*** Opening INFORMATION ***
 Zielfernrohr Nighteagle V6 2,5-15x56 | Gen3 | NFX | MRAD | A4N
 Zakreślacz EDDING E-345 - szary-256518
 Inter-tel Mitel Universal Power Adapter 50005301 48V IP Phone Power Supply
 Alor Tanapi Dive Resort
*** Closing INFORMATION ***
*** Opening INFORMATION ***
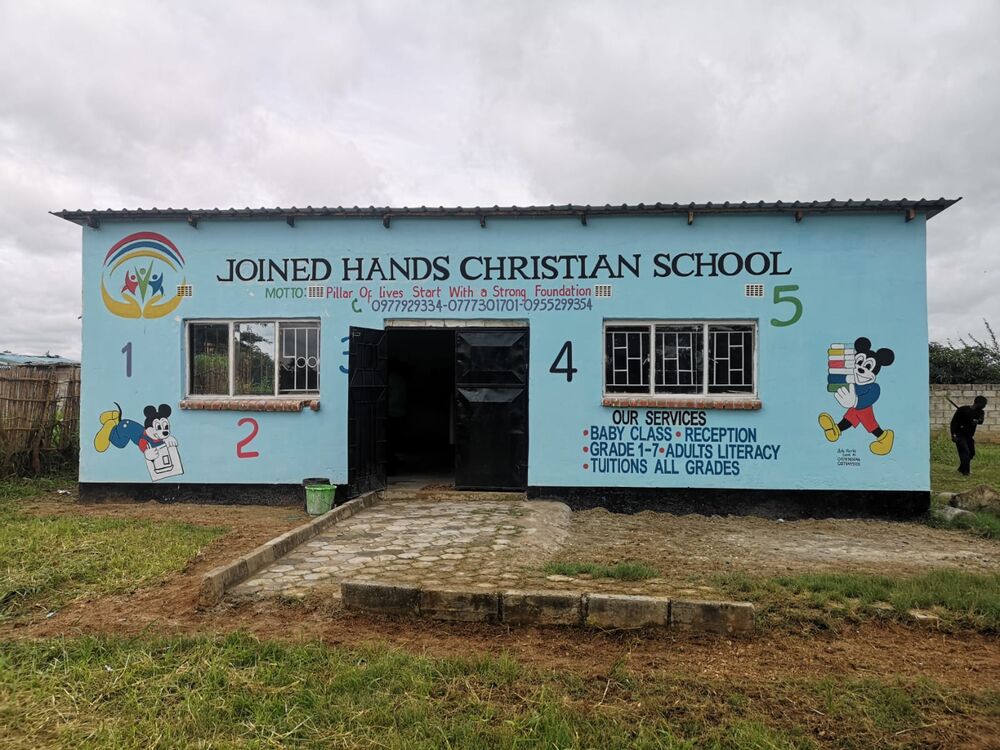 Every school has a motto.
*** Closing INFORMATION ***
--- YOUR ASSIGNMENT ---
Extract the lines of the preceding material that run from the line with "Zakreślacz EDDING E-345 - szary-256518" through the line with "Alor Tanapi Dive Resort", inclusive, reproducing them exactly and adding nothing.

--- EXERCISE SOLUTION ---
 Zakreślacz EDDING E-345 - szary-256518
 Inter-tel Mitel Universal Power Adapter 50005301 48V IP Phone Power Supply
 Alor Tanapi Dive Resort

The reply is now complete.